Prompt
Reproduce each line from the first in the data through the line that contains "تحويلات المغاربة المقيمين" exactly; give nothing else.

═══ Listed entries ═══

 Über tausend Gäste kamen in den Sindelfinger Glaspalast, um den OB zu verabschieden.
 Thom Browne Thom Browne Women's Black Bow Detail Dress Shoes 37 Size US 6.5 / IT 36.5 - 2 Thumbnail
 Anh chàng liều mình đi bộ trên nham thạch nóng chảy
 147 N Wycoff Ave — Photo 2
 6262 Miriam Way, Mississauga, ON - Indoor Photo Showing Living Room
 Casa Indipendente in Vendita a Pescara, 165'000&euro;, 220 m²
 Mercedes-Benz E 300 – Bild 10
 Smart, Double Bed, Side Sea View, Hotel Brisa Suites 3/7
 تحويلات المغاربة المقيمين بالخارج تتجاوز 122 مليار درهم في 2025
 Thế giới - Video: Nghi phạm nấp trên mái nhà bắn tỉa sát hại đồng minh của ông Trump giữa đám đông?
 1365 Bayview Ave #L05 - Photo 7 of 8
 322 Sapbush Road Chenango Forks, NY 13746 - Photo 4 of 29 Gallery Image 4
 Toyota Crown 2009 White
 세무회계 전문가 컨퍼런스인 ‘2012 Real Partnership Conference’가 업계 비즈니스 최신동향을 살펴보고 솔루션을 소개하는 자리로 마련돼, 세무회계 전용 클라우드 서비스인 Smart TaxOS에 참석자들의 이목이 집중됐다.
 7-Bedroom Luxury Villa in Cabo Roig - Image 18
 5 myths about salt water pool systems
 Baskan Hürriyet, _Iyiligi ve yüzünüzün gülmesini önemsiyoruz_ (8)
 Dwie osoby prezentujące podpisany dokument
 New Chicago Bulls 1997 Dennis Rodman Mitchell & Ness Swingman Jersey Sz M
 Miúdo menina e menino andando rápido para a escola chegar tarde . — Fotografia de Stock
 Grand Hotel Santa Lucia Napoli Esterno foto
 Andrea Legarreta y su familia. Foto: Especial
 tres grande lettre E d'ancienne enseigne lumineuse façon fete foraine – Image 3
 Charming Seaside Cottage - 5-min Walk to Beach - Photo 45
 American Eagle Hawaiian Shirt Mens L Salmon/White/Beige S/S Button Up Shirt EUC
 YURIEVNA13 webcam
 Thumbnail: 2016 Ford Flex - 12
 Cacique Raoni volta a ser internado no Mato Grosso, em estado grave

═══

Final answer
 Über tausend Gäste kamen in den Sindelfinger Glaspalast, um den OB zu verabschieden.
 Thom Browne Thom Browne Women's Black Bow Detail Dress Shoes 37 Size US 6.5 / IT 36.5 - 2 Thumbnail
 Anh chàng liều mình đi bộ trên nham thạch nóng chảy
 147 N Wycoff Ave — Photo 2
 6262 Miriam Way, Mississauga, ON - Indoor Photo Showing Living Room
 Casa Indipendente in Vendita a Pescara, 165'000&euro;, 220 m²
 Mercedes-Benz E 300 – Bild 10
 Smart, Double Bed, Side Sea View, Hotel Brisa Suites 3/7
 تحويلات المغاربة المقيمين بالخارج تتجاوز 122 مليار درهم في 2025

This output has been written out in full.